Two of the vdevs will consist of 6 TB drives (8 x 6 x 2) and two of the vdevs will consist of 10 TB drives.

If I have such a massive storage pool like that, but broken out into vdevs that are no more than 8-wide, is there anything that I should be aware of before setting something up like this?

Any “gotchas” that I should be thinking about or be weary of?

(I tested this configuration in a VM environment with TrueNAS and it didn’t seem to have an issue with it, but I wanted to double check before deploying Proxmox on bare metal, and then using Promox’s ZFS capabilities to set something like this up.)

Your help is greatly appreciated.

Thank you.

Certainly a lot of HDDs :slight_smile: But ZFS doesn’t really care and excels at vertical scaling.

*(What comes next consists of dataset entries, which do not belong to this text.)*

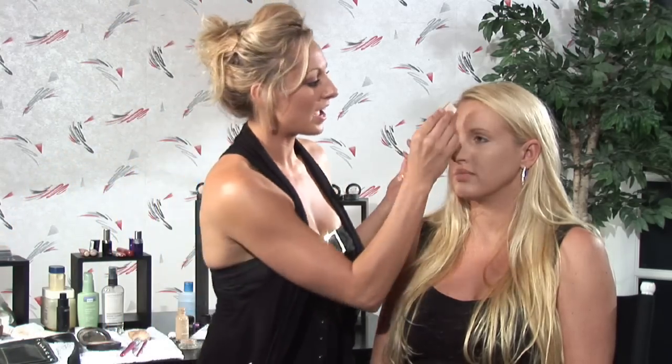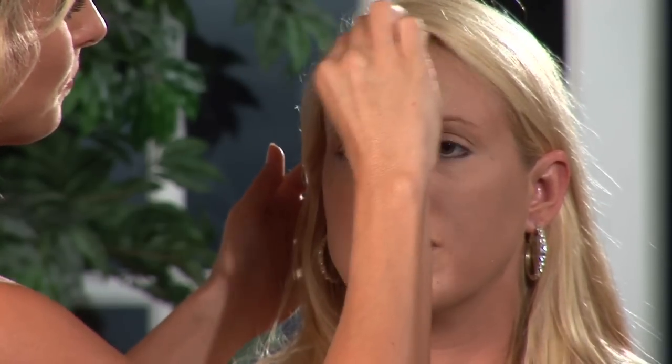So we're going to start with foundation, because after the foundation's on, it actually is going to cover more than you think. To avoid putting too much product on your face or somebody else's, it's best to start with foundation. That way we can see what's already covered.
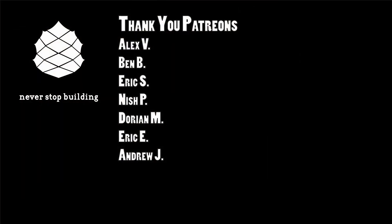Thanks everybody for watching. If you found this content helpful, please consider supporting Never Stop Building. The easiest way is to hit that red subscribe button and click the bell to get notified of new videos. If you really want to be my best buddy, become a Patreon subscriber where you can get plans to all these projects, exclusive content, and much more — check the description below for a link. And as always, never stop building.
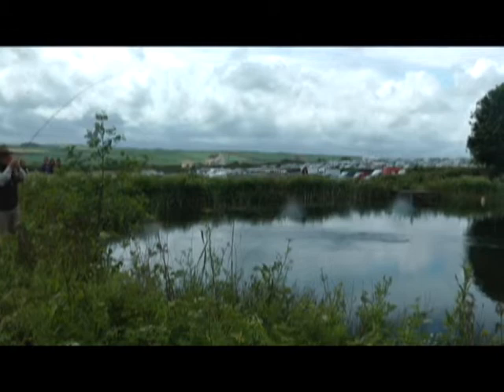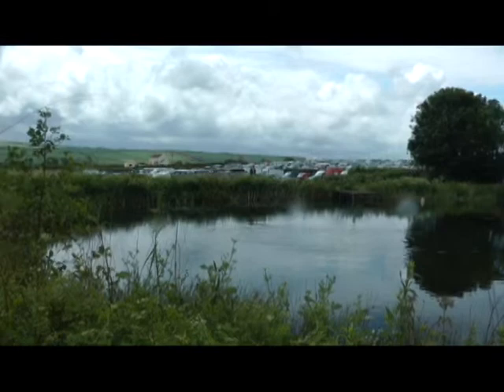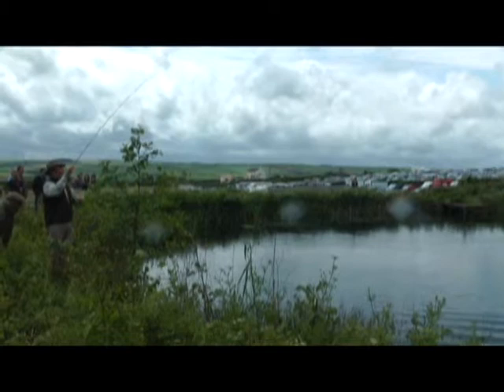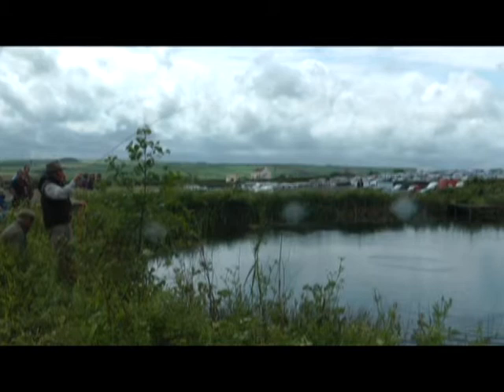There he is. I watched that fish — because I'd gone onto the Polaroids — I could see that fish coming up through, coming up to the fly, and he inspected it a little bit. He had a good little look at it before he decided he was going to take it. So I'm keeping the rod nice and high so that as that fish is — you can see it kicking, you can see the rod kicking.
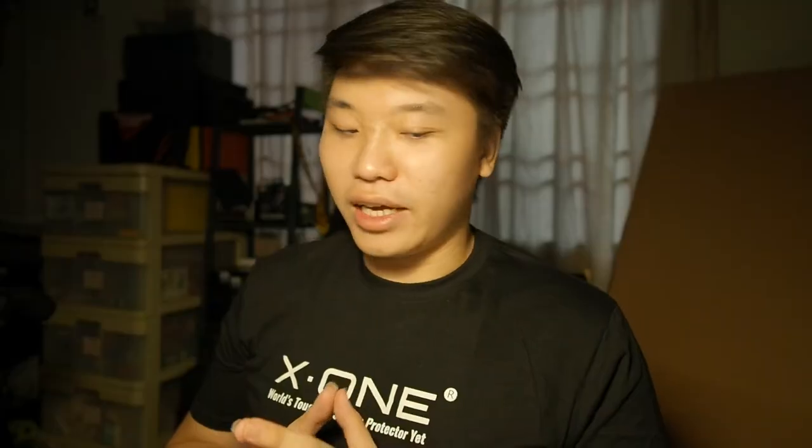Overall, I would say this screen protector is really good and I would totally recommend it, especially for the iPhone 10. They also have this for the Mate 10, which is the one I've been using here for a couple of weeks. If you want to know where to get one, I'll link it in the description below.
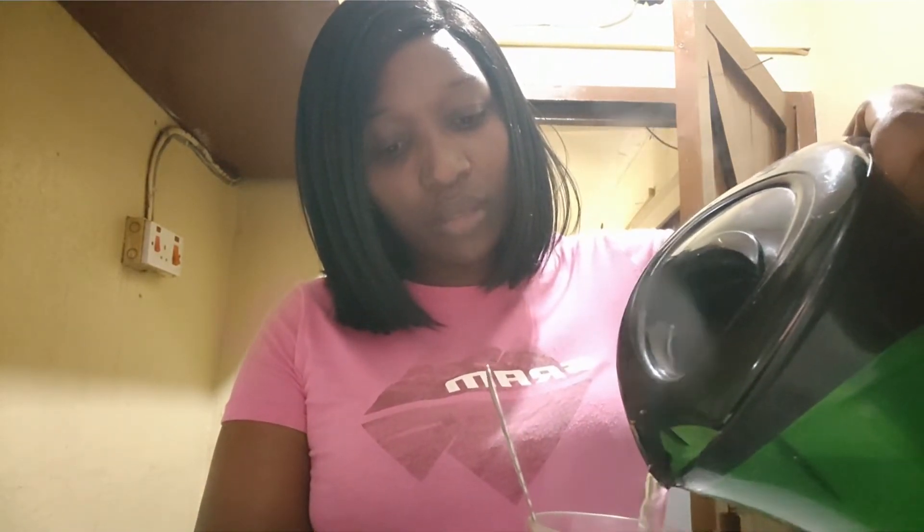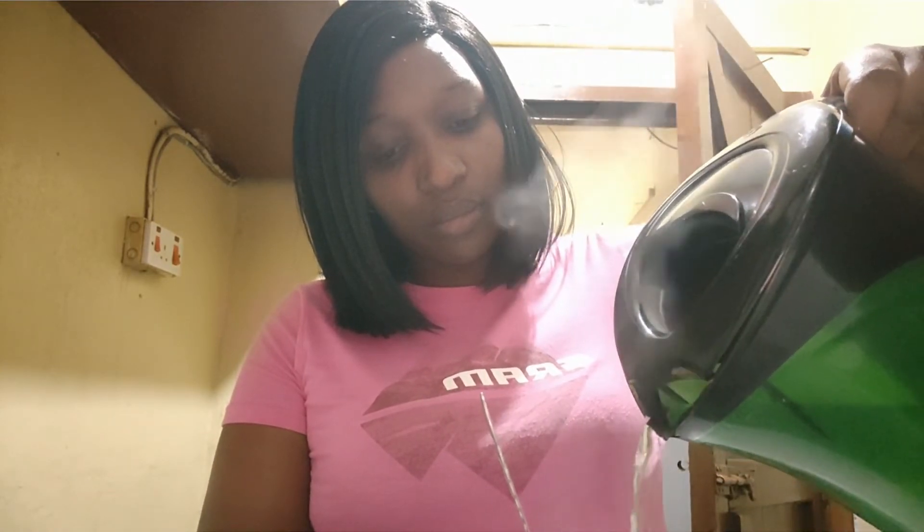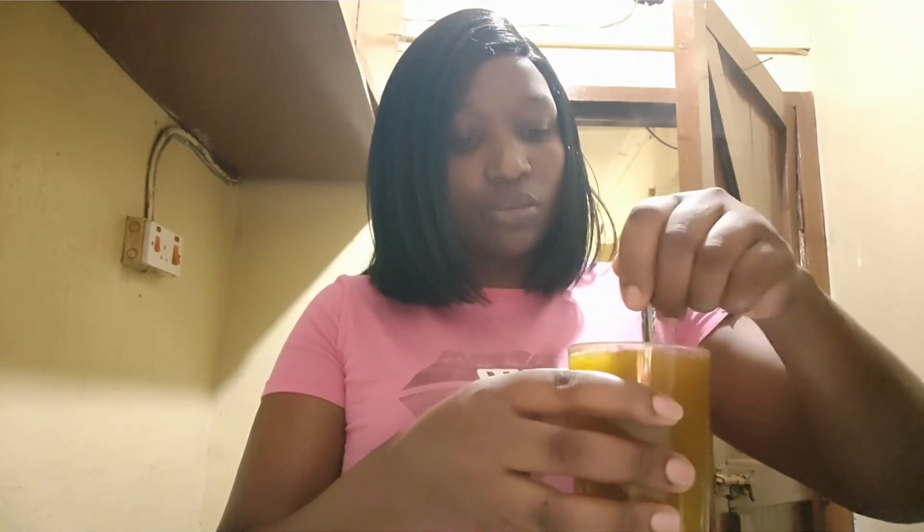Let me check if my water is ready. My water is ready, I'm going to add my hot water. That's enough. Make sure you stir it well for everything to mix.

8-wide RaidZ2 is a proper setup (There is an argument for going RaidZ3 on 8 disks but that’s about it) and having 4 vdevs improve performance. And the option of having both 6TB and 10TB drives in a single pool without making concessions to available space (like 10TB downgrading to 6TB if within the same vdev)

Depending on the drive models, you will see an unequal distribution of allocation between the 6TB vdevs and the 10TB vdevs. Just because 80% filled 6TB drives are just slower than 50% filled 10TB drives. And ZFS prefers write performance over perfect balance. But that’s more a quirk than a problem.

You can replace 6TB with 10TB ones but not vice versa. And additional vdevs also have to be 8-wide. But otherwise I don’t see a problem. Get some RAM, add L2ARC and maybe a special vdev and have fun working with that new server.

Since you have multiple NAS’s (?) in service, maybe turn one of them into a backup target for your storage server.

3 Likes

The proposed system will either have 128 GB of RAM or 256 GB of RAM (because I am also going to be consolidating my VMs from my Beelink GTR5 5900HX mini PC to the new, single, consolidated server.

I’m still debating about consolidating my gaming system over to the server as well because whilst I can use PCIe passthrough for the GPU, I think that the problem is going to be the speed of the noVNC VNC client (and it’s ability to send the video data quick enough over GbE).

So my gaming system might end up still being a physically separate system. Not sure yet. Still doing research about that and also some “proof-of-concept” testing with my older HP Z420 workstation and a GTX 980.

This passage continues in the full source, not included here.